In this situation we could have avoided the bumps if some more documentation was kept and read through. But by understanding the overall picture and knowing what we needed to get through we were able to work through the bumps.

PacketFence 3.5

So back in August of last year, I wrote about the previous version of PacketFence that I ran for many years, version 1.6.7 [See Here]

In that post I stated that I would write more about the newer version, well months have past, going to change plans about that post due to the fact that version 3.6.1 is out.

So I will highlight some of the big differences between the versions.

• No more ARP spoofing - Multiple options, including use of snmp traps and port-security, to 802.1x mac security.
• Effectiveness of trapping - Once a client has been identified they are switched to a vlan, instead of having the router address spoofed.
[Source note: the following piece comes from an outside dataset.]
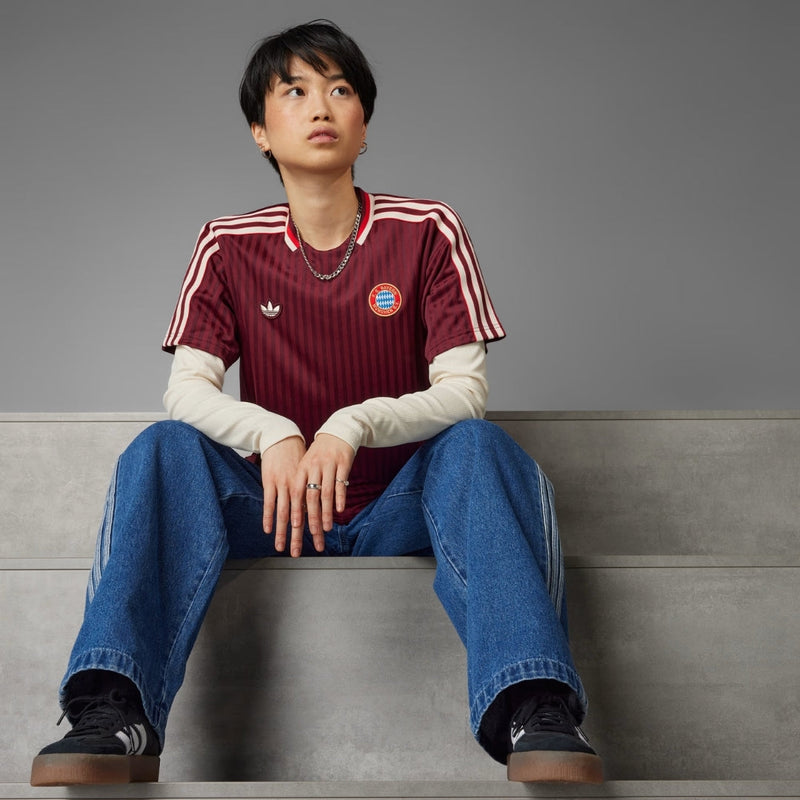 BAYERN MUNICH TERRACE ICONS 25/26 FAN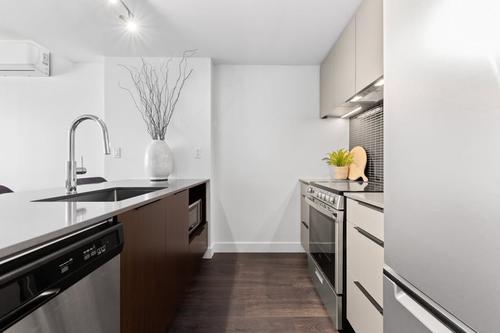1 bedroom apartment for rent in Montreal - Ville-Marie — photo 8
It works fast and with less overhead.
• Scale of server - Due to the fact that traffic is not all trunked into the server the server can handle more tasks and is more responsive to the admin requests.
• 3.5 has included many of the components under the control of the PacketFence processes- freeradius being a big one.

Problems that still are being addressed: Xbox 360's dhcp fingerprint is not detected correctly, so that they do not auto-register. Some of the reports still need work as they take a long time to run (some of these have been fixed in 3.6.x)

Features that I still need to try or want to implement:

• Guest Access - PacketFence has a guest portal, this would be ideal to the separate SSID/system currently used on my campus.
• Game system registration form - In 3.6.x there is a self-service form to register Xbox's and other systems that my not auto-register. This would help the manual process done now. 

So this is a quick follow-up to the post from August on my PacketFence install.